[Data — start]

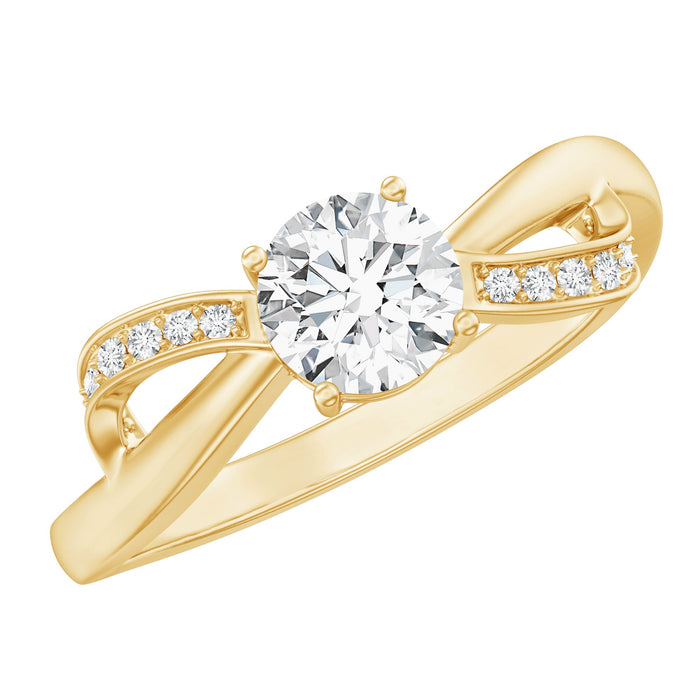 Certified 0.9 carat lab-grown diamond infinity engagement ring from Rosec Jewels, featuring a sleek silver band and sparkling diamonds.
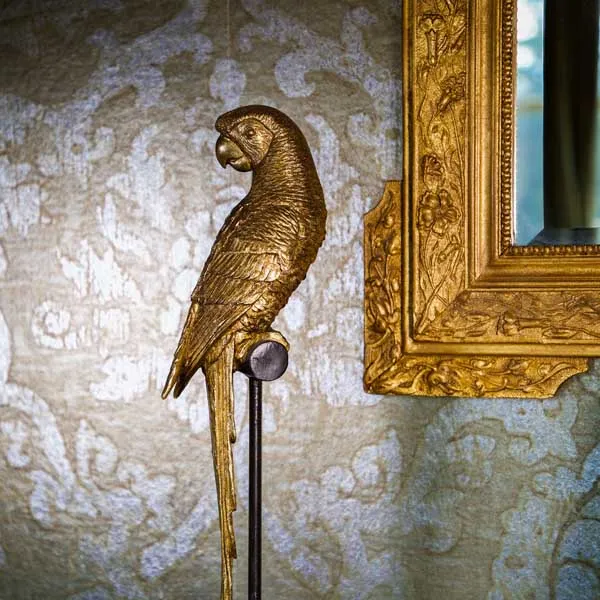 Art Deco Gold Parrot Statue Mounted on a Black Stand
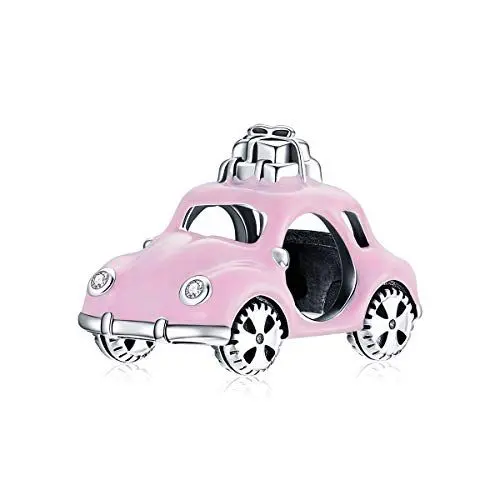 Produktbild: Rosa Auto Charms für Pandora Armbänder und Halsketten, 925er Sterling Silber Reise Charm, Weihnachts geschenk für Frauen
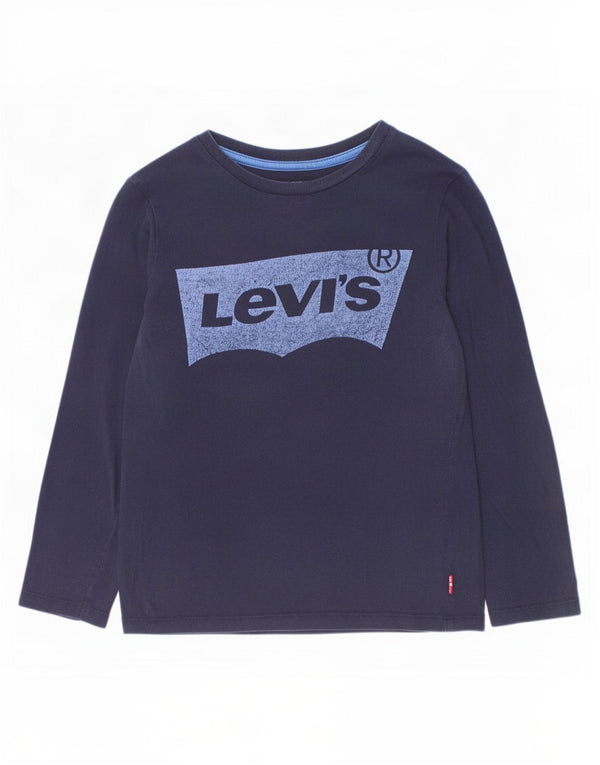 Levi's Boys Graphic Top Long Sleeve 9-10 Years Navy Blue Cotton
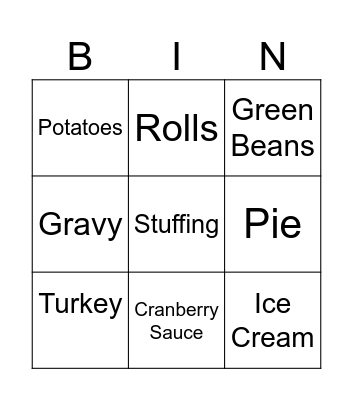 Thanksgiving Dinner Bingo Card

[Data — finish]

Where an image appears in the data, skip it, and return the rest verbatim.

 Certified 0.9 carat lab-grown diamond infinity engagement ring from Rosec Jewels, featuring a sleek silver band and sparkling diamonds.
 Art Deco Gold Parrot Statue Mounted on a Black Stand
 Produktbild: Rosa Auto Charms für Pandora Armbänder und Halsketten, 925er Sterling Silber Reise Charm, Weihnachts geschenk für Frauen
 Levi's Boys Graphic Top Long Sleeve 9-10 Years Navy Blue Cotton
 Thanksgiving Dinner Bingo Card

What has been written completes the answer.